ARTICLE AD BOX
Liputan6.com, Jakarta Manchester City kembali gagal menunjukkan dominasinya di awal musim Premier League 2025/26. Kekalahan dramatis 1-2 dari Brighton menegaskan bahwa juara enam kali dari tujuh musim terakhir itu masih bergelut dengan masalah konsistensi.
Hasil di Amex Stadium membuat City mencatat start terburuk mereka sejak musim 2004/2005. Lebih jauh, tidak ada tim dalam format 38 laga yang berhasil jadi juara dari posisi seperti yang kini mereka tempati.
Meski begitu, Pep Guardiola tetap mencoba menenangkan suasana. Sang manajer menegaskan musim masih panjang, walau ia juga mengakui timnya kehilangan arah setelah kebobolan.
City Kehilangan Konsistensi
Musim lalu dianggap hanya sebagai gangguan dalam dominasi City di era Guardiola. Namun, hasil terbaru menunjukkan gejala yang sama masih berulang.
Padahal, City sempat mengawali musim dengan kemenangan meyakinkan 4-0 atas Wolves yang memberi kesan masalah lama sudah tuntas. Nyatanya, kekalahan dari Brighton memperlihatkan wajah lama tim yang rapuh saat ditekan.
Guardiola menekankan permainan timnya bagus dalam satu jam pertama. Namun, ia mengakui pasukannya “berhenti bermain” setelah kebobolan gol penyama kedudukan.
Brighton Balikkan Keadaan
City sebenarnya sempat unggul lewat gol Erling Haaland pada laga ke-100-nya di Premier League. Itu merupakan gol ke-88 penyerang Norwegia tersebut bersama City di liga.
Namun, perubahan besar datang saat pelatih Brighton, Fabian Hurzeler, melakukan empat pergantian sekaligus di menit ke-60. James Milner, Brajan Gruda, Georginio Rutter, dan Yasin Ayari langsung mengubah dinamika permainan.
Brighton mencetak gol lewat penalti Milner sebelum Gruda memastikan kemenangan dramatis di menit akhir. Hasil itu menjadi bukti efektivitas strategi segar Hurzeler.

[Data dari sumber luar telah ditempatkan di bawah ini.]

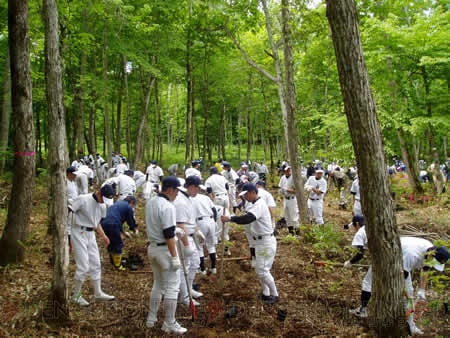 『野球つく』がバット素材「アオダモ」の植樹支援活動に参加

Guardiola dan Tekanan yang Meningkat
Guardiola mencoba meredam kritik dengan menyebut timnya masih dalam fase awal musim. Ia mengingatkan bahwa masih banyak laga tersisa untuk memperbaiki keadaan.

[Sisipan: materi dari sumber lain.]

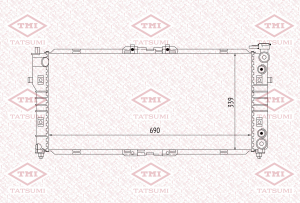 TATSUMI TGA1019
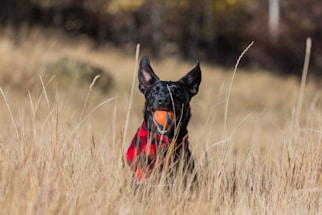 A black dog with large ears stands in tall, golden grass while wearing a red and black plaid coat. It holds an orange ball in its mouth, appearing alert and playful.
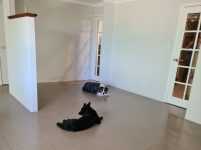 Dogs in empty house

Meski demikian, data tidak berpihak pada City. Hanya Manchester United di musim 1992/1993 yang mampu menjuarai liga setelah kalah dua dari tiga laga awal, dan itu pun terjadi dalam format 42 pertandingan.
Mantan kiper Mark Schwarzer menilai situasi ini sebagai tantangan unik bagi Guardiola. “Ada banyak keraguan tentang tim ini. Guardiola belum pernah ada dalam situasi seperti ini, dan lubangnya semakin dalam,” ujarnya.